Subscription publishing
Authors of journal articles that will be published as subscription access will typically be asked to sign a copyright transfer agreement that transfers the rights of the copyright owner to the publisher. Authors may retain certain rights, but any usage beyond those defined in the agreement will require permission from the publisher. That applies to authors of the article as well as readers. A less common form of publishing agreement is a licence to publish, which grants the publisher just the necessary rights to publish the paper with the author retaining copyright. However, in practice many licence to publish agreements still define specific conditions for reuse.
Before signing a publishing agreement authors should ensure that they retain sufficeint rights to share a version of the paper to meet the open access requirements of funders, the University and for REF. If not, you may be able to modify the terms of the agreement to allow this. Please note that the publishing agreements of many journals impose terms that may prevent compliance with such requirements via the green route to open access. Authors may therefore need to retain the right to make their accepted manuscript open access on publication under the CC BY licence. Please refer to our guidance on the University Research Publications & Copyright Policy for more information on how we can support you with this.
Open Access publishing
With an open access publication, the publishing agreement will ask you to agree to an open licence that grants broad reuse rights to end users.
The Creative Commons Licences are commonly used for this purpose as they grant permissions in a standardised manner, are relatively easy to understand and require that credit is provided for the original creation.
The most commonly used creative commons licences are:
- CC BY – attribution license. allows others to distribute and build upon your work, even commercially, as long as they give appropriate credit and indicate if changes were made.

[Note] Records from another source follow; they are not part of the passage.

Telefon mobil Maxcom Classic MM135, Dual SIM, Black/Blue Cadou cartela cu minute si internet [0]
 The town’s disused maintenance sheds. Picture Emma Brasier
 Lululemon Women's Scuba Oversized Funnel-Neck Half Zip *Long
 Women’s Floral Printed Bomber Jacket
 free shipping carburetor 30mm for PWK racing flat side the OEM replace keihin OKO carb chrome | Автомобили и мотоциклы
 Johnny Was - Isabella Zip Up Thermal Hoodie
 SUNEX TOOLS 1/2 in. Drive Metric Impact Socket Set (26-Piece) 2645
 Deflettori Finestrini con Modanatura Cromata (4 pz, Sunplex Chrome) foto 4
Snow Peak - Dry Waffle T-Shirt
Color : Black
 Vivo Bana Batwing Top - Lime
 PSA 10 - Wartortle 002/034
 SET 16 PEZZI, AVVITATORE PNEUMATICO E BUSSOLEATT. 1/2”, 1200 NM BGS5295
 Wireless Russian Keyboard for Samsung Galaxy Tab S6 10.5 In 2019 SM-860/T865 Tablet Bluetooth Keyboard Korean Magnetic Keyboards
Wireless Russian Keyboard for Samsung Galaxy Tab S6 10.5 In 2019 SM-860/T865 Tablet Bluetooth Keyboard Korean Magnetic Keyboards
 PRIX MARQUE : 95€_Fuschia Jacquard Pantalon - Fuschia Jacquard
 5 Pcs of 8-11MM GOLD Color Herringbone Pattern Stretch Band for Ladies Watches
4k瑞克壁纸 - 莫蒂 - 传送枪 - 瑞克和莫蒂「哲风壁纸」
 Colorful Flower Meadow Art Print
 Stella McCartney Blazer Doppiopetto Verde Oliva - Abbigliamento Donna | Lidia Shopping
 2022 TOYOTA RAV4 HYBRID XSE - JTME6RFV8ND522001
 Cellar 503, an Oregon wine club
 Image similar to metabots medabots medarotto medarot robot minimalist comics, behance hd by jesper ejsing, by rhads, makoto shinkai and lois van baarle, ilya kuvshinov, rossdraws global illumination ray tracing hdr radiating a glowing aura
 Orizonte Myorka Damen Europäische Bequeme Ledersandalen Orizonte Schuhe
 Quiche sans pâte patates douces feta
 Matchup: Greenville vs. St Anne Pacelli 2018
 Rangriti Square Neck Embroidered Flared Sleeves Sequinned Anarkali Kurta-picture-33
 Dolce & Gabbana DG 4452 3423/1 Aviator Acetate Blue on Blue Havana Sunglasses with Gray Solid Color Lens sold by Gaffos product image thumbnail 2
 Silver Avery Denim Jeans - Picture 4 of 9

- CC BY-NC – attribution, non-commercial license. Allows others to distribute and build upon your work for non-commercial purposes only, as long as they give appropriate credit and indicate if changes were made.
- CC BY-NC-ND – attribution, non-commercial, no derivatives license. Allows others to redistribute the work for non-commercial purposes, as long as they are not changed in any way and they give appropriate credit.
Find out more about these and other open licences on the Creative Commons website
While the University does not mandate a specific licence for publications, authors are encouraged to select CC BY to maximse the potential access to and reuse of research. Some research funders require the CC BY is applied to open access publications. this includes the UKRI, Wellcome, EU and NIHR.
Crown copyright
Crown copyright applies only where the authors of the work are employees of the British or British Commonwealth Government and have prepared the work in connection with their official duties. For example, NIHR reports and publications by civil servants or employees of Public Health England.
Authors whose work is subject to crown copyright cannot assign copyright to the publisher (as they do not own it). Instead authors should grant the publisher a non-exclusive licence to reproduce and distribute the work. The Open Government Licence (OGL) is a licence that allows authors to license work that is subject to crown copyright. The terms of the OGL are equivalent to those of creative commons licences.
Third party copyright for self-archiving
Just as copyright protects your work, it also protects the work of other people. Therefore if your publication contains any copyright material sourced from third parties (e.g. illustrations, photographs, charts or maps), you will need to obtain the necessary permissions to reproduce these. Even if you have already acquired permissions to use these in your publication, you may need to check these permissions also allow you to make a version of the publication open access in ePrints.
Please note that while the open access team check each paper uploaded to MyImpact complies with the publisher's policy for open access, we cannot review the content of manuscripts to check for third party content. Responsibility for the content of uploaded manuscripts remains with the author.